6.2 KiB
OpenVINO NPU document/image triage prototype
Local-only, CLI-first prototype for triaging screenshots, photos/scans, and PDF page images.
It returns structured JSON metadata and explicitly reports CPU vs NPU stages.
Optional HTTP is a localhost/loopback-only prototype on 127.0.0.1:18829 when explicitly started; non-loopback binds are rejected and it is not a live Atlas/Hermes/RAG integration.
Location: /home/will/lab/swarm/openvino-doc-image-triage-npu/
Privacy and safety
- No external uploads.
- The only network call is optional localhost-only embeddings at
127.0.0.1:18817. - Raw OCR/sidecar text is redacted by default and is not logged.
- Full source paths are omitted by default; responses include basename and SHA-256.
- Allowed roots are enforced for CLI/server requests.
- This prototype does not mutate Obsidian, RAG, Chroma, vector collections, routing, or gateway services.

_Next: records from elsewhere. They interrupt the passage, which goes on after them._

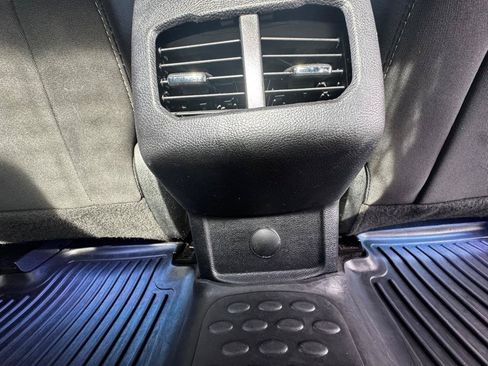 Used 2019 Ford Fusion SE FWD image 18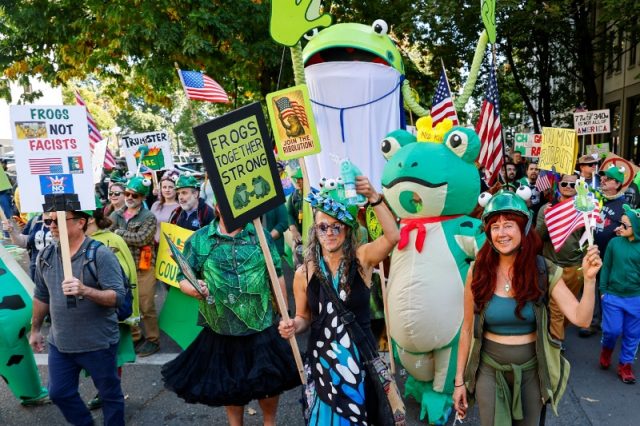 frogs-us-protest
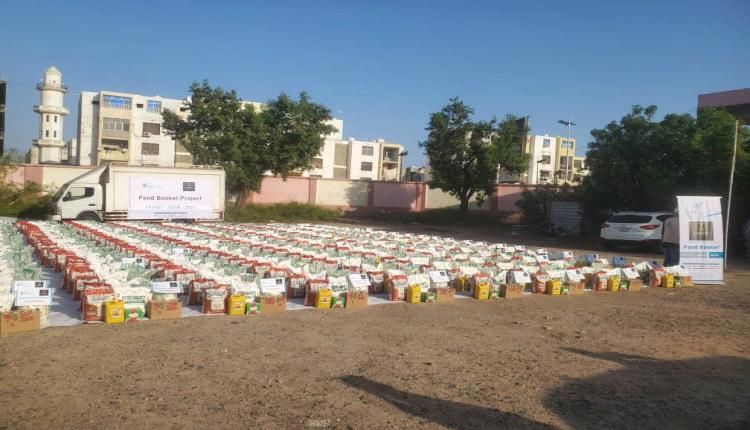 منح سلة غذائية لمتعاقدات محو الأمية في العاصمة عدن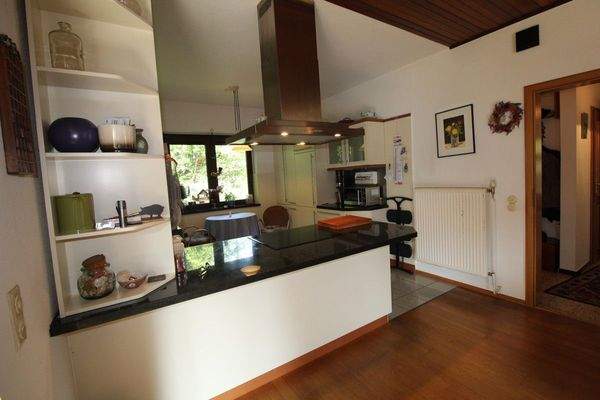 14 - Einbauküche mit Kochinsel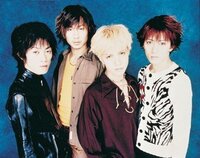 L Arc En Cielのhydeさんが金髪でボブ の Yahoo 知恵袋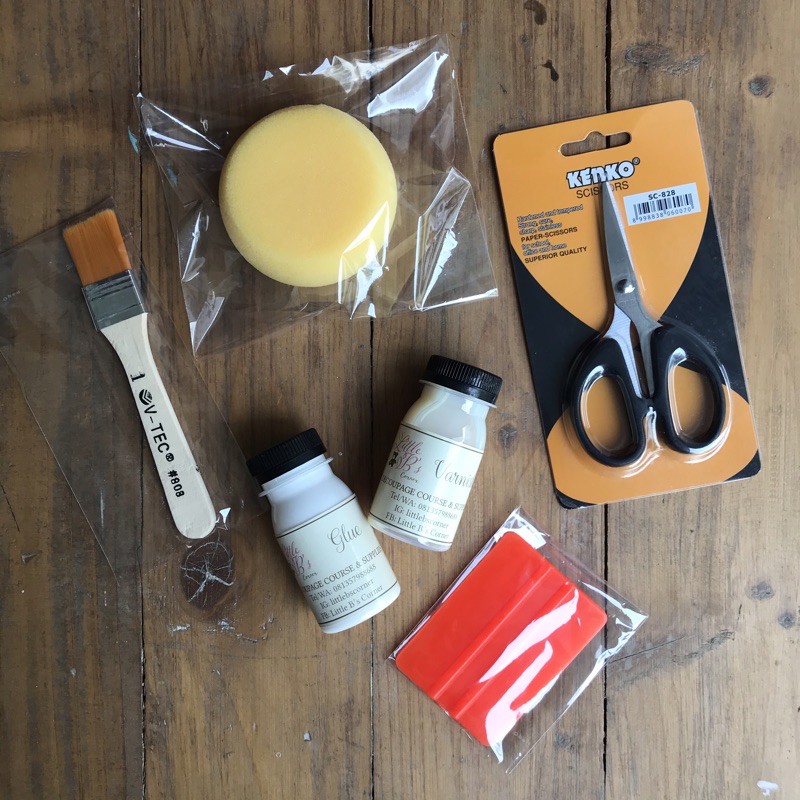 

Basic Decoupage Tools (Scraper, Spons, Roller dll)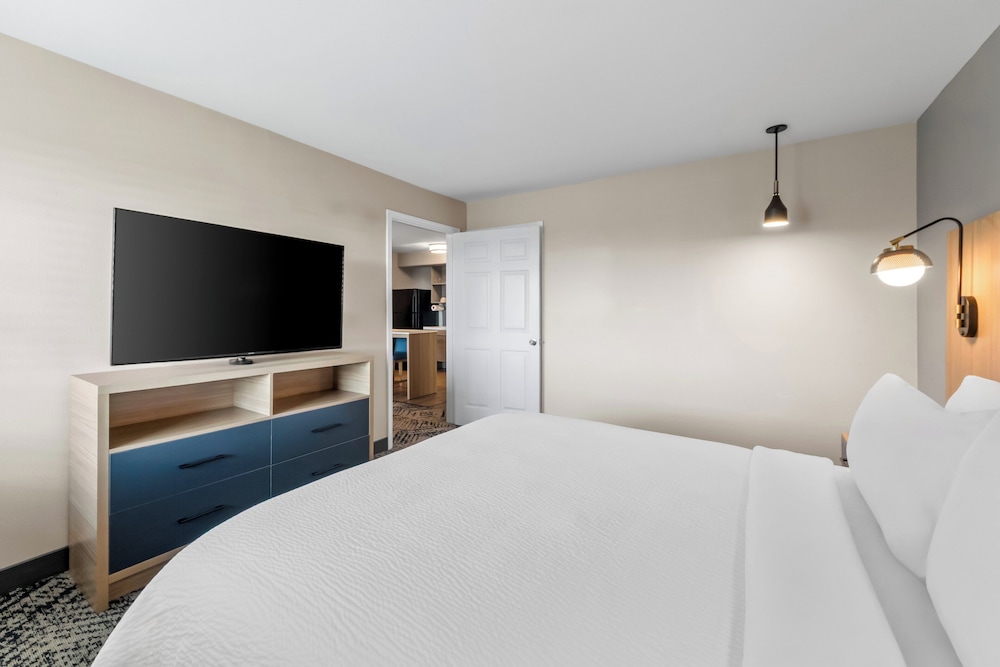 candlewood suites victoria by ihg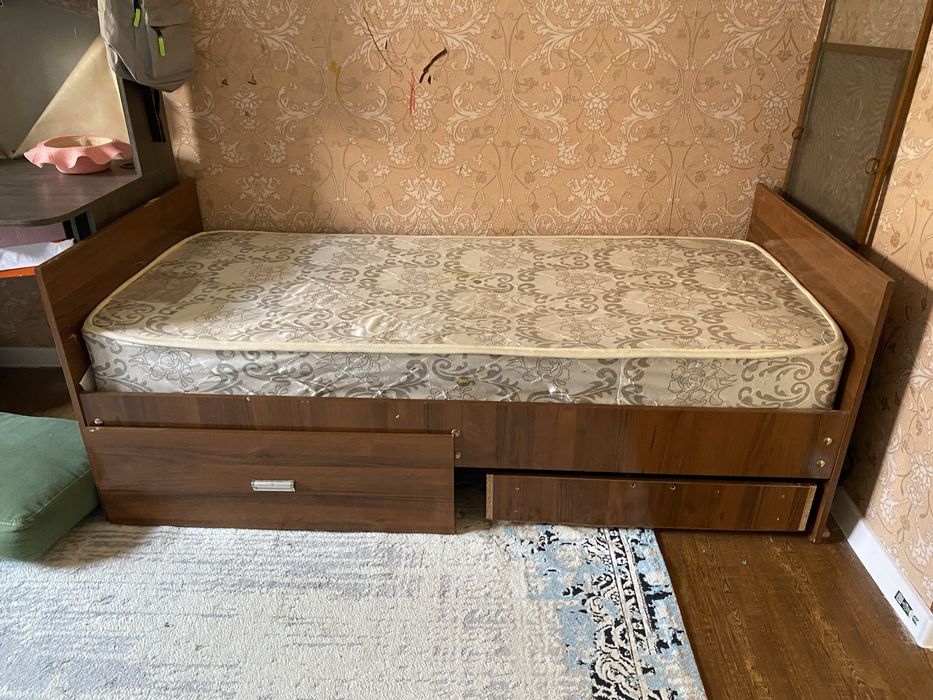 Диван хорошыи для спални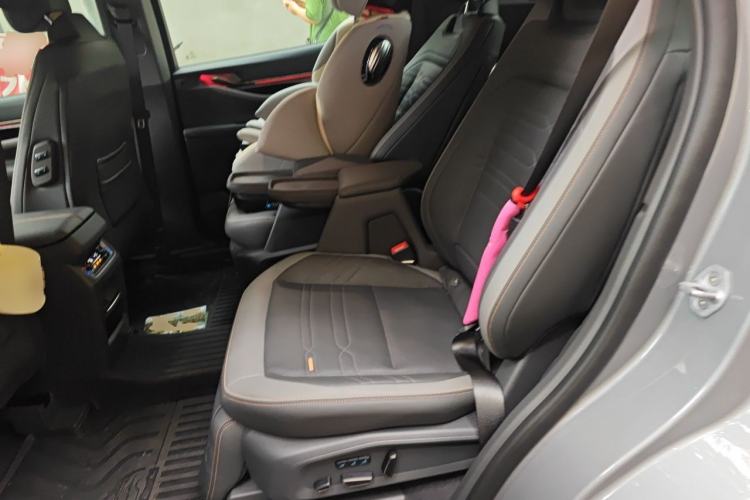 Used Ford Edge 2023 Edge L 2.0T EcoBoost E-Hybrid Four-Wheel Drive Seven-Seat Supreme Model Left Rear Seat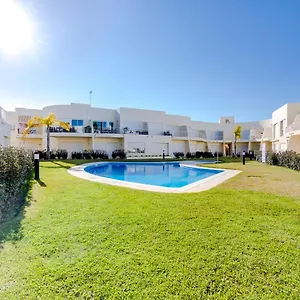 https://terraos-da-falsia-near-vilamoura-center.hotelaalgarve.com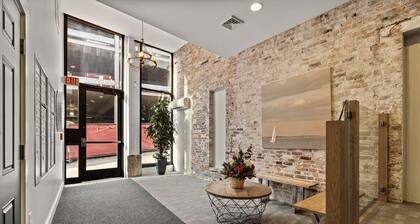 LIVE LIKE A LOCAL // HIP & HISTORIC OLD PORT CHARM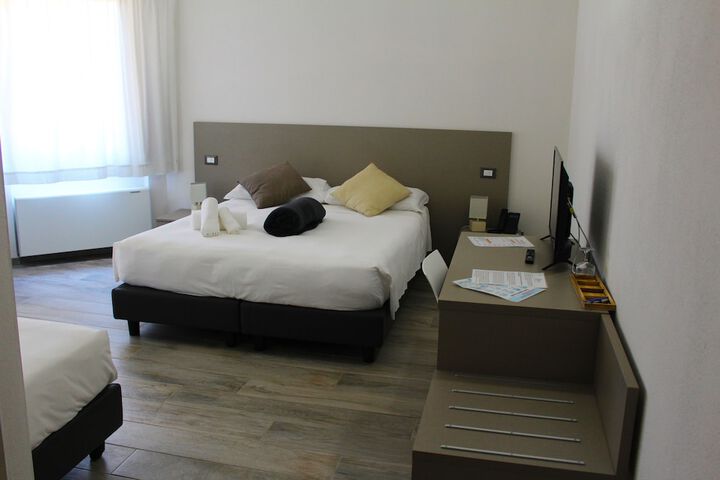 Room 9 of 34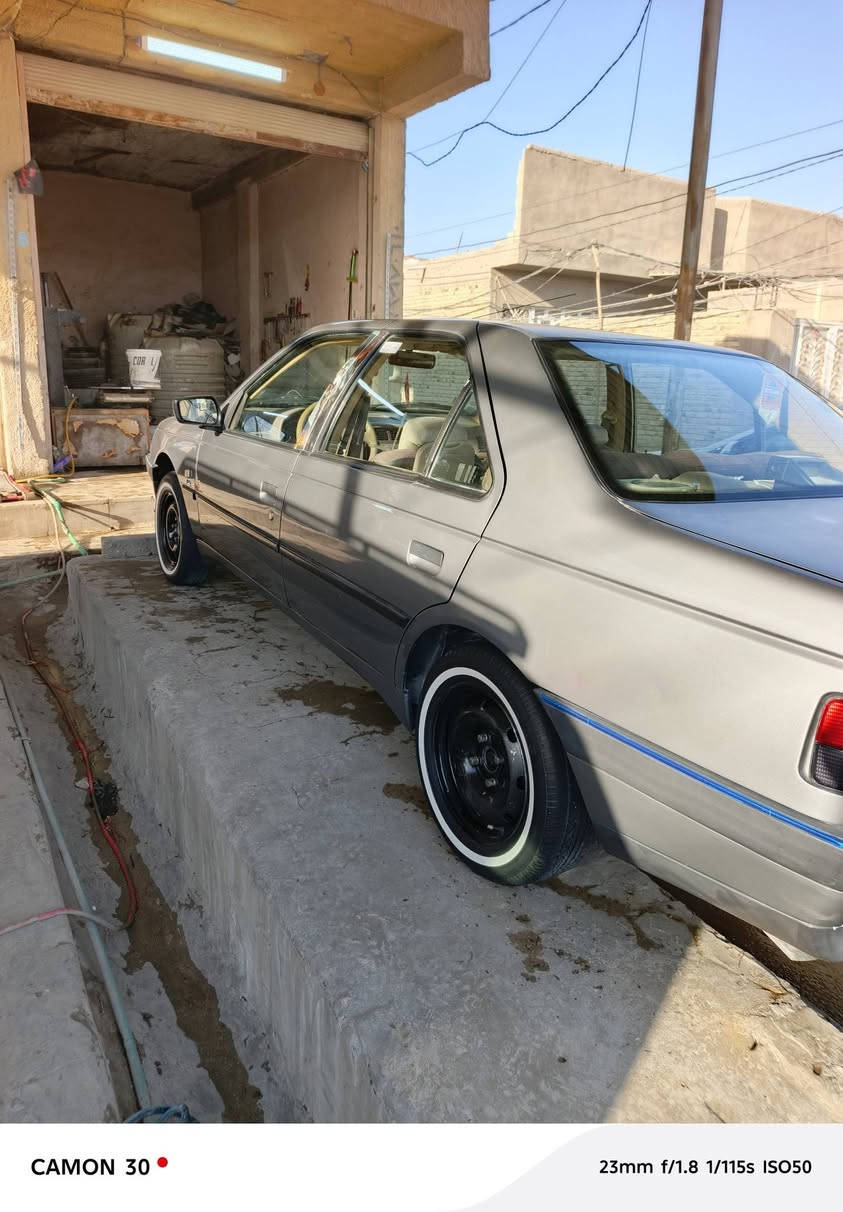 سلام عليكم ادمن مرخصتك بيجو 405 مكفوله عامه شبر بل جاملغ صبغ حداديه جديده موديل 18 شاشه فول كامره حساس  سياره جاهزه من تبريد من ددفئه كير مكينه السياره فول 100بل100السعر 50بيه مجال ***********
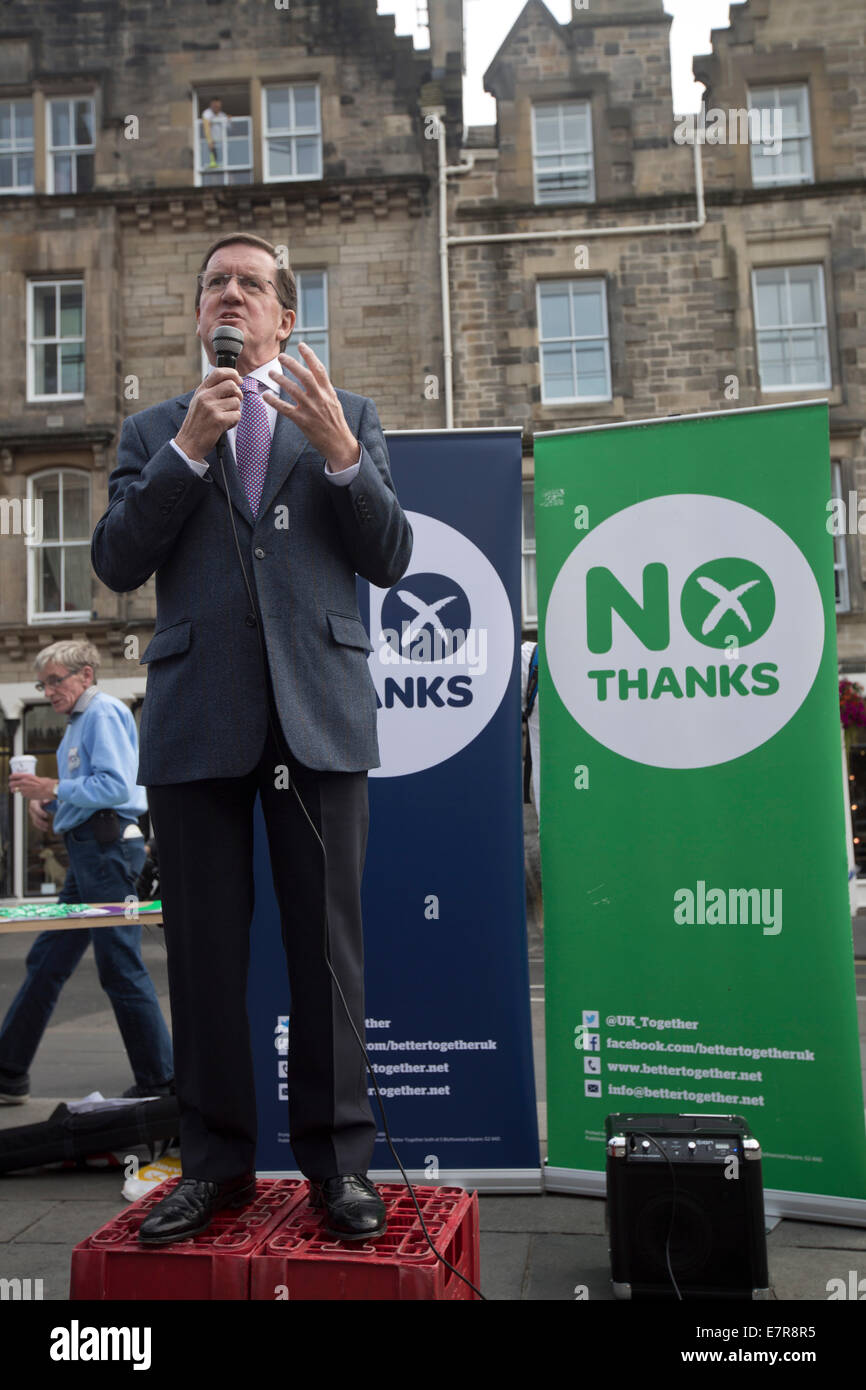 Indipendenza Anti-Scottish diruttori Lord George Robertson parlando a un non evento grazie a Edimburgo. Foto Stock
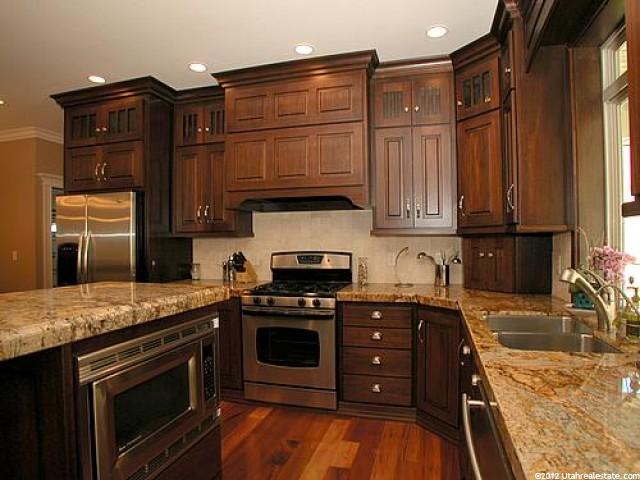 54 N Sherwood Dr, Providence, UT 84332 — photo 4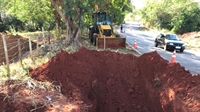Previsão para fim do serviço de desobstrução do emissário é de aproximadamente dez dias (Foto: Prefeitura de Votuporanga)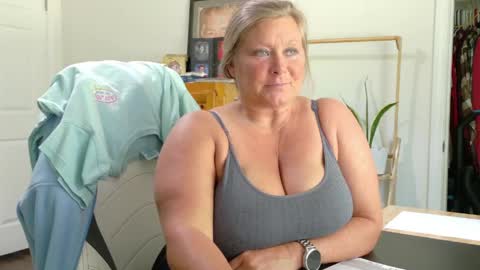curious couple online show from April 14, 6:26 pm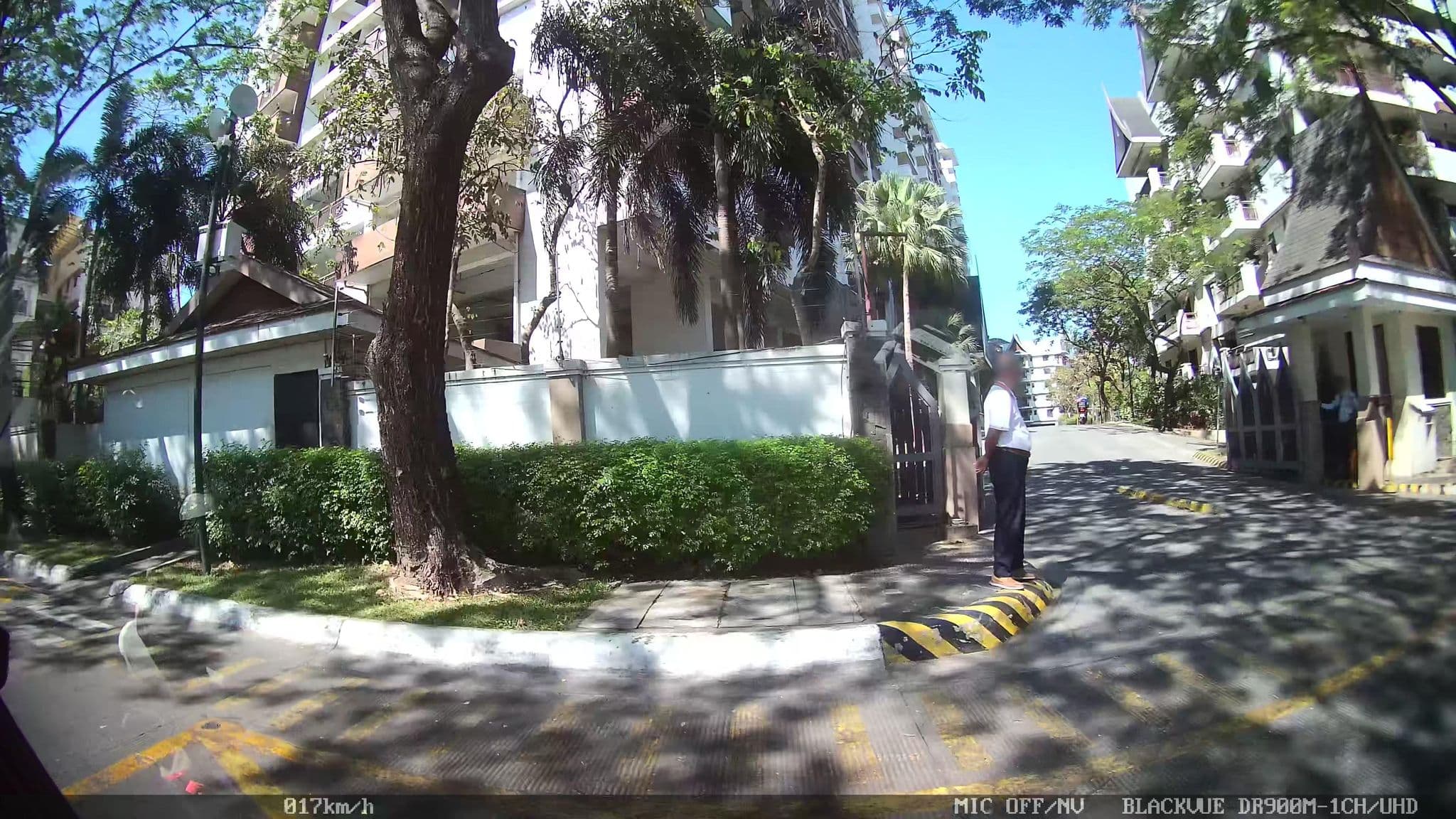 Street view near The Henry Hotel, Taguig — © kaart_360 (CC BY-SA · Mapillary)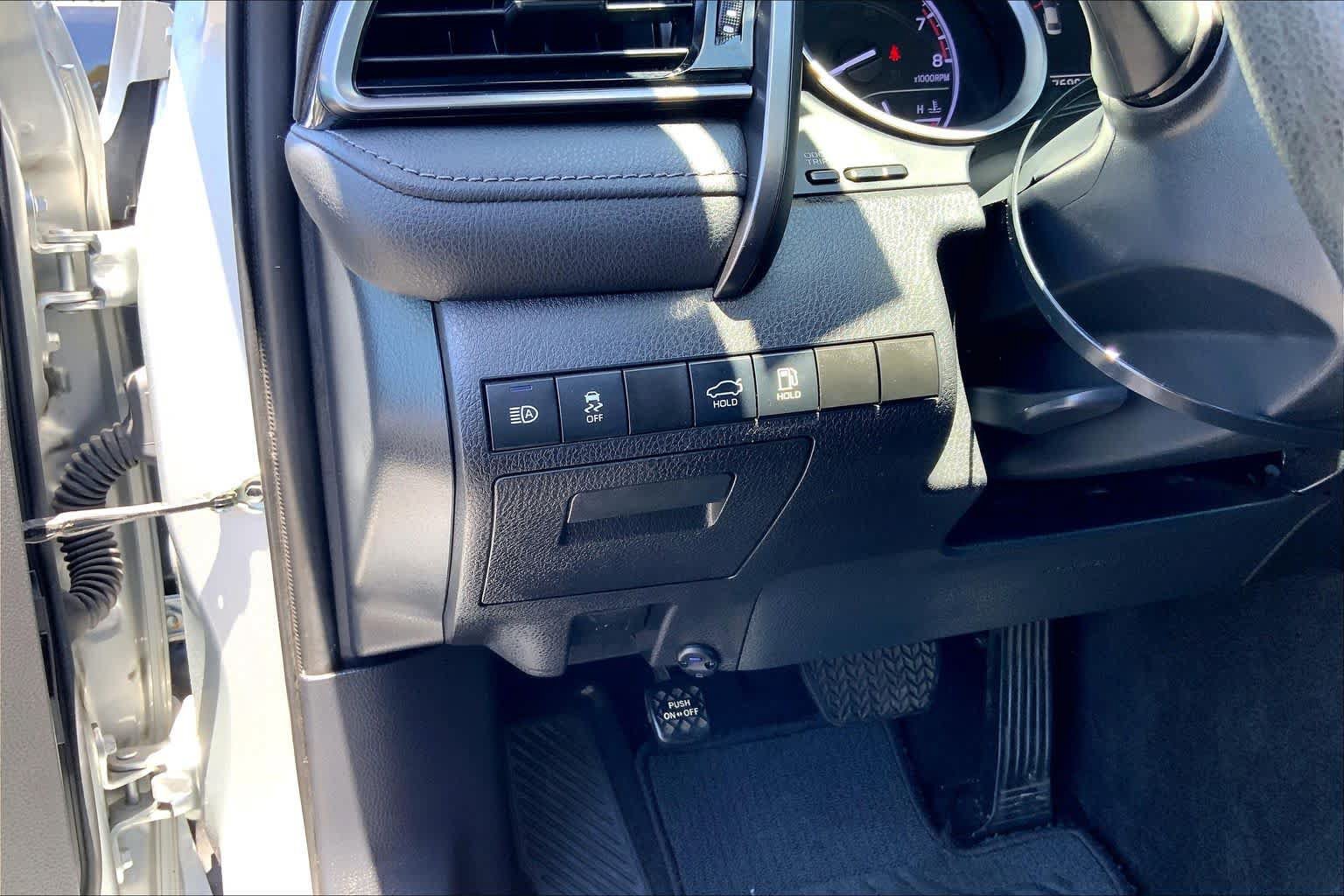 Used 2022 Toyota Camry LE w/ Carpet Mat Package (TMS) FWD image 34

- Do not process broad private document/image directories; use generated synthetic fixtures unless Will explicitly approves a narrow source root.
- See
SPEC.mdfor the full CLI contract, smoke-test plan, NPU verification plan, docs implications, and no-go/defer criteria.
CPU vs NPU stages
CPU:
- file intake, allowed-root checks, size checks, hashing
- image/PDF decoding/rendering and normalization
- optional local text extraction from sidecars or PDF text libraries
- regex metadata extraction and rule-based category fallback
- final needs-attention rules
NPU:
- needs-attention semantic embedding, via existing local OpenVINO embeddings service on
:18817 - verified with
/sys/class/accel/accel0/device/npu_busy_time_usbefore/after each embedding call
Not configured in v1:
- image category classifier on NPU. The JSON reports this as
CPU rule fallback (NPU model not configured in prototype v1). A future task can add a static-shape MobileNet/EfficientNet/ResNet OpenVINO IR model. - OCR on NPU. OCR remains CPU/local plumbing in v1.
Files
triage.py— core library and CLI.server.py— stdlib HTTP server with/healthz,/models,/triage,/triage/batch.make_samples.py— creates synthetic non-private image/PDF samples.tests/smoke_test.py— end-to-end smoke test, including NPU busy-time verification when:18817is reachable.samples/— generated synthetic fixtures.
Requirements
Use the existing NPU venv when available:
cd /home/will/lab/swarm/openvino-doc-image-triage-npu
/home/will/.venvs/npu/bin/python -m pip install pillow
pillow is already present in the discovered /home/will/.venvs/npu. Optional local PDF text/rendering improves PDF support:
/home/will/.venvs/npu/bin/python -m pip install pypdf pypdfium2
The smoke tests do not require external services except the existing localhost :18817 embeddings service for positive NPU verification.
CLI usage
Generate synthetic samples:
cd /home/will/lab/swarm/openvino-doc-image-triage-npu
/home/will/.venvs/npu/bin/python make_samples.py
Triage local files:
/home/will/.venvs/npu/bin/python triage.py \
--allowed-root /home/will/lab/swarm/openvino-doc-image-triage-npu \
--pretty \
samples/synthetic_invoice.png samples/synthetic_invoice.pdf
Disable the local NPU embeddings call if needed:
/home/will/.venvs/npu/bin/python triage.py --no-embeddings --allowed-root "$PWD" samples/synthetic_receipt.png
Include OCR/sidecar text in a single response only when explicitly requested:
/home/will/.venvs/npu/bin/python triage.py --include-ocr-text --allowed-root "$PWD" samples/synthetic_invoice.png
HTTP usage
The prototype is CLI-first. HTTP is optional and not enabled by default. If a foreground HTTP server is needed for review, prefer optional port 18829 so it does not collide with the GenAI worker prototype on 18820. Check the port first:
ss -ltnp | grep ':18829\b' || true
Start a local-only server and stop it after the smoke:
cd /home/will/lab/swarm/openvino-doc-image-triage-npu
/home/will/.venvs/npu/bin/python server.py --host 127.0.0.1 --port 18829 --allowed-root "$PWD"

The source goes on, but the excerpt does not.